Training – Examination procedures
Examiners will request and review training records and interview management and staff to evaluate this portion of the compliance program. Examiners will be looking to the following for training compliance:
- Request and review the schedule, record of completion, and materials for recent compliance training of board members and executive officers.
- Determine the involvement of compliance officer(s) in selecting, reviewing, or delivering training content.
- Request and review policies, standards, schedules, and records of completion for compliance-specific training of compliance professionals, managers, and staff, and documents demonstrating that third-party service providers who have consumer contact or compliance responsibilities are appropriately trained.
- Request and review samples of the content of training materials and comprehension tests, including training related to new regulatory requirements, new products or channels of distribution, and marketing (including scripts).
- Request and review training developed as a result of management commitments to address monitoring, audit, or examination findings and recommendations or issues raised in consumer complaints and inquiries.
- Determine whether the program is designed to provide training about the specific regulatory requirements relevant to the functions of particular positions, such as the Truth-in-Lending Act (TILA) for loan officers, Fair Lending, Equal Credit Opportunity Act (ECOA), Home Mortgage Disclosure Act (HMDA), etc.

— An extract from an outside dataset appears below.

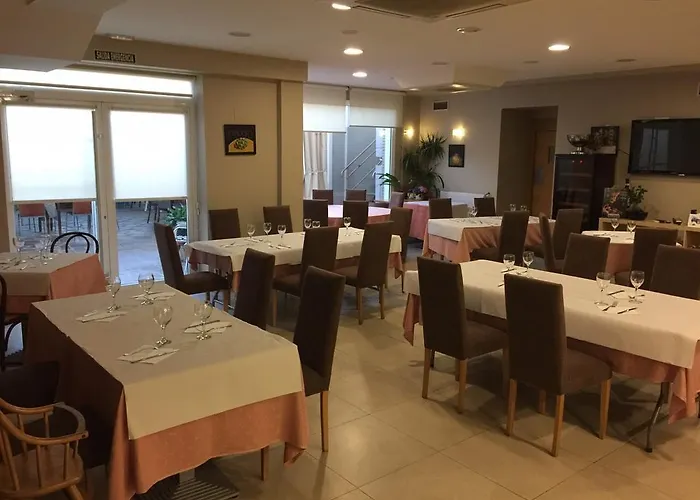 - Restaurante Asador Esperanza Casa de hóspedes *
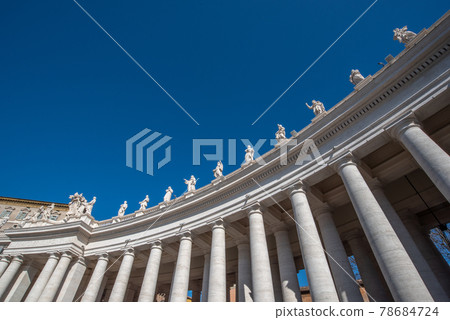 Majestic St. Peter's Basilica Majestic St. Peter's Basilica 78684724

- Review records of follow-up, escalation, and enforcement for units with training completion rates that do not meet the supervised entity’s standards or deadlines.
- Request and review the supervised entity’s plans for additions, deletions, or modifications to compliance training over the next 12 months and any plans for changes to the overall training resources and compare actual training activities to prior plans.
- Draw preliminary conclusions about the strength, adequacy, or weakness of the training element of the compliance program, and select lines of business, organizational units, or other areas for more detailed review and testing.
This means that companies will need to have a complete and comprehensive training program in place that not only delivers training but also provides for the accountability to show Examiners content delivered in training programs, who attended and how often training is received.
What steps should you take NOW in order to prepare?
- Review and update your policies, procedures and compliance manual. If you do not have policies and procedures, get them now!
- Develop your training program for your staff. If you do not have a training program get signed up for one and make certain it provides your company with the ability to offer all the training you will need.
- Keep records of your training. This includes material, testing and tracking of all staff. This is more than just your Nationwide Mortgage Licensing System & Registry (NMLS) Continuing Education.
- Size is not important. You may be a one person Mortgage Broker, but in the eyes of the CFPB, you are a “Supervised Entity” and expected to abide by the rules, regulations and compliance requirements just like the “Big Banks.”
The Dodd-Frank Act, when fully implemented, will help to promote consumer education and financial literacy. The longterm goal is to provide education for home buyers entering into the housing market and protect them from loans that are not fair or would not be in their best interest. With an increased knowledge of the risks associated with financing the purchase or refinance of a residential property home buyers will be able to make more education decisions. The best advice in understanding, complying with and implementing the changes that we will be seeing in the coming years is to be ready. This is REALLY important. It is no longer what you say, but what your customers understand. The best way to succeed with the Consumer Financial Protection Bureau is to be proactive.